If Shigeru Mizuki's NonNonBa were just the childhood memoir of an extremely talented and influential first-generation manga artist, it would be something well worth reading. If it were just a family drama set in the transitional, pre-war years of Japan, when the old, traditional ways were being replaced by the new ways of a more modern, industrialized world, it would be well worth reading. And if it were just a cataloging and collection of various species and characters of yokai (or Japanese spirit monsters), it would be well worth reading.

It's the fact that it is all three at once that makes NonNonBa a must-read, a classic work that is important as it is charming.The book is newly available in English thanks to Drawn and Quarterly, who previously published Mizuki's Onward Towards Our Noble Deaths, and it is named for the character around whom so much of the our young protagonist Gege's life seems to revolve.

"NonNonBa" is a contraction and corruption of NonNon Obaasan, the latter Japanese for grandmother and the former the title given to people who served Buddha. Her profession, mentioned in passing, is that of a "prayer hand," someone who made their living praying for those who were ill to get better, although she also worked as a housekeeper for Gege's family and others in their neighborhood.

Her role in his life, however, was as his unofficial guide to the spirit world, which, in the rural Sakaiminato of the 1930s as seen through a child's eyes, overlapped and permeated the real world in the same way that the fairy world intersected and often pierced the folk experience of the British isles in the 18th, 19th and early 20th centuries. No one young Gege knew had ever been on an elevator, or eaten a doughnut -- not until he and his brothers take a 12-mile journey to taste their first one, anyway -- and word of a train that ran under the ground in Tokyo was dismissed as simply too fantastic to believe.

In such a setting, under such circumstances, are ghosts and demons really such bizarre things for a child to believe in?

The devoutly religious and highly superstitious NonNonBa, born in the previous century, knows all of the yokai, and all about them -- their names, their habits, how not to anger them, what to do if you do anger them -- and she shares her knowledge with Gege. And even before growing up to be a professional and famous manga artist, Gege shared that knowledge with others, in little stories he writes and draws and passes around to his friends and family to read.




The book, a 400+ page doorstop, is broken into chapters, many of which are devoted to particular episodes involving various yokai: Zauki-Hakari, Otoroshi, Mr. Sticky, The Wart Yokai, Akaname the Dirt-Licker, Nekomata, The Hungry Ghosts, Slippery Lads, the Suiko/Water Tiger and The Waargh (a ghost so named for its cry of "Waargh!")

Mizuki rather ingeniously grants his yokai characters an ambiguous, equivocal degree of reality within the story.
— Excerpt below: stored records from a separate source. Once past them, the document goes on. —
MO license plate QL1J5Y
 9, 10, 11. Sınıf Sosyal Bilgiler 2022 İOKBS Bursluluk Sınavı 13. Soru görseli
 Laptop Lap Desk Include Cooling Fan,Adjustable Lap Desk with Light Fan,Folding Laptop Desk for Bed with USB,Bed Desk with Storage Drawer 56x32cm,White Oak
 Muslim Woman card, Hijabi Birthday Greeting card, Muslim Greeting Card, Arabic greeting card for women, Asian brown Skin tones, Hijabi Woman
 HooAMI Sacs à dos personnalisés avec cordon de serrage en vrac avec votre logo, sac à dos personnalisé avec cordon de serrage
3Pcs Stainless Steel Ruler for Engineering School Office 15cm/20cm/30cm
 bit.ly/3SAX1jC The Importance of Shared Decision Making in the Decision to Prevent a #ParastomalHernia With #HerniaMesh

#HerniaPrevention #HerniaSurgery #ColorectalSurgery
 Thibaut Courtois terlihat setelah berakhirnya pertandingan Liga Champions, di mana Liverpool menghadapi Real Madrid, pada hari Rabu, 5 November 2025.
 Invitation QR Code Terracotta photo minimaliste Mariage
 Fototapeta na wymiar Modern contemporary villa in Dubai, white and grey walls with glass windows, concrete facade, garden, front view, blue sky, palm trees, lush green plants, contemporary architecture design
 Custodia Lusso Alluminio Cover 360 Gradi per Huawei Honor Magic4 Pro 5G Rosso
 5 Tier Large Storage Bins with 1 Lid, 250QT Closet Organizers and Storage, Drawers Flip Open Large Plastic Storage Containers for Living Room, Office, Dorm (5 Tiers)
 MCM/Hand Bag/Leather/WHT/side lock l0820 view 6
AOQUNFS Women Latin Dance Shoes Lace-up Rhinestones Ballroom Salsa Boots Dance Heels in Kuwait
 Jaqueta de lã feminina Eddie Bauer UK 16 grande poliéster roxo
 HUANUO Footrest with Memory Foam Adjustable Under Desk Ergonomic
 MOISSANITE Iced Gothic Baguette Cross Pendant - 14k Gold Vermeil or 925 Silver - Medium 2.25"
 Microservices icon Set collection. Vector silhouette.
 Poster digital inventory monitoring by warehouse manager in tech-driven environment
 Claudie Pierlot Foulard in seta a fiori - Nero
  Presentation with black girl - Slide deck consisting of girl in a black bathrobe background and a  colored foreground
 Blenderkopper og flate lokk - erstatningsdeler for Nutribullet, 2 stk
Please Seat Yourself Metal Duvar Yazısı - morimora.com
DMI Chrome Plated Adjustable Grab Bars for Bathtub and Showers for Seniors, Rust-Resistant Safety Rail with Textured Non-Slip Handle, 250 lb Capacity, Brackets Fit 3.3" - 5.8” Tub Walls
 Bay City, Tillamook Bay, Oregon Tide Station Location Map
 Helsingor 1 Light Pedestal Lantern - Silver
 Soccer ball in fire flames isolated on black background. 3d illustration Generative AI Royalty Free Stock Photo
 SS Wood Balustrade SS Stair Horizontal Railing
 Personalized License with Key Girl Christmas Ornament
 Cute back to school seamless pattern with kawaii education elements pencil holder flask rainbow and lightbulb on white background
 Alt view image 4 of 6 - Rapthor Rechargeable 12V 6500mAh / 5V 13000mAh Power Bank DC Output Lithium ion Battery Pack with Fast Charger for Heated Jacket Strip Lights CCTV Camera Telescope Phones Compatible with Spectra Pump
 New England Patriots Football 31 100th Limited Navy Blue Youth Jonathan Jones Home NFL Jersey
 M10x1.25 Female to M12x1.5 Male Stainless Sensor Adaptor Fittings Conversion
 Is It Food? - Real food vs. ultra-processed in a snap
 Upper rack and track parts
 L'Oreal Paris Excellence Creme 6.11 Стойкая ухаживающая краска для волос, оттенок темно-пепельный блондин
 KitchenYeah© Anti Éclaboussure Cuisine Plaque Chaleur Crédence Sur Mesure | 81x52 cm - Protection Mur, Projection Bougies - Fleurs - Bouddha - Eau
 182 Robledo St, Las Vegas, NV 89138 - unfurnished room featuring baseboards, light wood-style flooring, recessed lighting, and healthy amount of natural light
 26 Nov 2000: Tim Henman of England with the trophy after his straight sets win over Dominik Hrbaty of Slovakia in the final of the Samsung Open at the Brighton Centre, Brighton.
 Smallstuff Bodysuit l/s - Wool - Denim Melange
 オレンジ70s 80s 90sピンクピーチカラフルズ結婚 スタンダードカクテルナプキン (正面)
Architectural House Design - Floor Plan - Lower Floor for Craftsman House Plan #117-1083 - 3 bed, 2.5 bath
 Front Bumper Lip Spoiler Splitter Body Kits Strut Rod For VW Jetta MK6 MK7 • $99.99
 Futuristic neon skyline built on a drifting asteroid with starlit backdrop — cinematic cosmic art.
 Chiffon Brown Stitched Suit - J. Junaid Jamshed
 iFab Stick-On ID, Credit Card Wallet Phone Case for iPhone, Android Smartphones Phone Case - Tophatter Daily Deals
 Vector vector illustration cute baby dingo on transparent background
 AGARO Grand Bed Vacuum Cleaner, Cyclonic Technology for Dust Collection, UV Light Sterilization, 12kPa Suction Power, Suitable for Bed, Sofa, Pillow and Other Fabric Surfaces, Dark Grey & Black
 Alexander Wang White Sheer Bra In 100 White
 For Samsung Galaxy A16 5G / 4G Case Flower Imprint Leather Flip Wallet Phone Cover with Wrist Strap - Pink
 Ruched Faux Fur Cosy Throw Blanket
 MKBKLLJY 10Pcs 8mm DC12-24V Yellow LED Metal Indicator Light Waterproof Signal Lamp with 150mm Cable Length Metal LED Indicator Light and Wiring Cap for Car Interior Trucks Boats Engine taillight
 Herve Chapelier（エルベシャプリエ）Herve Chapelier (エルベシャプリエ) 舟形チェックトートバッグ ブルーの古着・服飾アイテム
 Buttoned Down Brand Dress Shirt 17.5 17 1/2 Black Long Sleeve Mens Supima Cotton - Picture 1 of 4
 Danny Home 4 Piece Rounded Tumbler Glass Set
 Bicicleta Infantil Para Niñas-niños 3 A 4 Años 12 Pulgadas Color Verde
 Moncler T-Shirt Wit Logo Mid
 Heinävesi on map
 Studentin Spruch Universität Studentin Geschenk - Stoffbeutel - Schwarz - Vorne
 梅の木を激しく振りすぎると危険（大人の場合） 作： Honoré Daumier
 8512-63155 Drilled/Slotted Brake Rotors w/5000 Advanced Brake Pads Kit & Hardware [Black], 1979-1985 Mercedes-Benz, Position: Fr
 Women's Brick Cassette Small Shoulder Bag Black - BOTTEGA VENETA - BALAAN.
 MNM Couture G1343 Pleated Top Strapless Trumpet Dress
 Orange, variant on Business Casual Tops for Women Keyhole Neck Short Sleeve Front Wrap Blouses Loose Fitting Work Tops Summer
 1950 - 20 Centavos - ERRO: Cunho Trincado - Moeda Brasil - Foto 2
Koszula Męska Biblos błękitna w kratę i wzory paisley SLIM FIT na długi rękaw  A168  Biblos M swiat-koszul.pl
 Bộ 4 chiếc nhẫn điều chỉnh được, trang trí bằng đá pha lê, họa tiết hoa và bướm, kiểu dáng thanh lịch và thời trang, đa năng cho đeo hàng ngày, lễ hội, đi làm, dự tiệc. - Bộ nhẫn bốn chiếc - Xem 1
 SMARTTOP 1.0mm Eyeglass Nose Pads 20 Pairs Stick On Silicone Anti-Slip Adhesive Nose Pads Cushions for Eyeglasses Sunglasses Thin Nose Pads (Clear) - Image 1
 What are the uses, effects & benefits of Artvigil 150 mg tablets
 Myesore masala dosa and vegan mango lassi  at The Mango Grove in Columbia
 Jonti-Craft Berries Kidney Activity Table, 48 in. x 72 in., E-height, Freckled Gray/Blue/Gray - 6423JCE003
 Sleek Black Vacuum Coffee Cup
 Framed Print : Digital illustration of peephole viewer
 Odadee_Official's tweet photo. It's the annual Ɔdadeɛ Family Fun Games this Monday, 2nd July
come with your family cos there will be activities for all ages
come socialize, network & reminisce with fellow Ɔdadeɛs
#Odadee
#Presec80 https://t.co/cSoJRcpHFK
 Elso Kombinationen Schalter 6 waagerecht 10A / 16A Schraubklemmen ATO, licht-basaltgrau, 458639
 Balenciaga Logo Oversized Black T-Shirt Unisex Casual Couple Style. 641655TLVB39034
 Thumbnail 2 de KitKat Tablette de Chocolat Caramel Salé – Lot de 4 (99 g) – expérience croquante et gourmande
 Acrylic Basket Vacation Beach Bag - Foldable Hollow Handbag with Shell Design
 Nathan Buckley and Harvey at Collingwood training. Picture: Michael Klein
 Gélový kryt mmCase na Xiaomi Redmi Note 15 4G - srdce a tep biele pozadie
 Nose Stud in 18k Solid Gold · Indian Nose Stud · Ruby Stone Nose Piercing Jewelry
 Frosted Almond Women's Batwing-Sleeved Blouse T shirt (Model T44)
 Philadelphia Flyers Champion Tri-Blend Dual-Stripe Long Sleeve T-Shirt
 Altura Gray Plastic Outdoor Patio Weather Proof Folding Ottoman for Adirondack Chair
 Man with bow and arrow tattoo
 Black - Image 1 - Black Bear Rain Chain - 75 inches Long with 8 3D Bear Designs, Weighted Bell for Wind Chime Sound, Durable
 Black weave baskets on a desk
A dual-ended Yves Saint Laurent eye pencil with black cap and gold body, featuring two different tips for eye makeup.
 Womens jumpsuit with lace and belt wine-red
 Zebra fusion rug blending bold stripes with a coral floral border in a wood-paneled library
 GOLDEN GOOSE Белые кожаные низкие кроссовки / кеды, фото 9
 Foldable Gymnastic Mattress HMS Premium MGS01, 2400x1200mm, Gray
Are they real, or do they just exist in the imaginations of NonNonBa, Gege and other characters? Mizuki shows the reader the yokai, whereas the characters almost never see them with their own eyes -- with one, climactic exception which nevertheless is somewhat uncertain in nature -- but rather feel them and their effects.

For example, when NonNonBa and Gege cross paths with Mr. Sticky, an invisible yokai who follows travelers at night, the sound of his footsteps echoing behind them, Mizuki designs the creature for us to see, but the characters never have that opportunity. Others appear to Gege in his dreams or his sometimes fevered imagination, or appear in stories being recounted to him.

While the stories featuring the yokai are often somewhat standalone and episodic, NonNonBa is a graphic novel in the truest sense of the word (even though its 1977 creation predates the popular usage of that term by years), as young Gege comes of age and we see the various struggles of his family, and a few even more unfortunate girls who enter and leave our hero's life suddenly.




It seems somewhat redundant to note that Mizuki's art features cartoony characters in a highly realistically rendered environment, as it is manga, after all, and that's one of the signifiers that differentiates Japanese comics from those of other countries, but the distance of the gulf between the cartoonishness of the characters and the realism of the environment.




Mizuki's humans are as cartoonish as the characters in your average American newspaper gag strip (some barely even look human), and their emotions are similarly outsized, as they go cross-eyed with fear, exhale little clouds through their nostrils and sweat like sprinkler heads. The yokai themselves are richly varied in design, with some as simple as a little black cloud with staring white eyes and others looking as if they were pulled straight from classical Japanese art.

In that respect, the way they are drawn reflects their nature within the narrative.




Given his subject matter and skill at relating it, it's little wonder that Mizuki is regarded as a cultural treasure in Japan, having won just about every award a manga-ka or Japanese citizen can win and having been named to the Japanese Society of Cultural Anthropology. His hometown of Sakaiminato has a street decorated with over 100 bronze statues of his yokai characters and a museum. And while awards and statues are nice, there's no better monument to Mizuki than the comics he made. Comics like this one.

NonNonBa is on sale now in finer comics shops, book stores and directly from Drawn and Quarterly.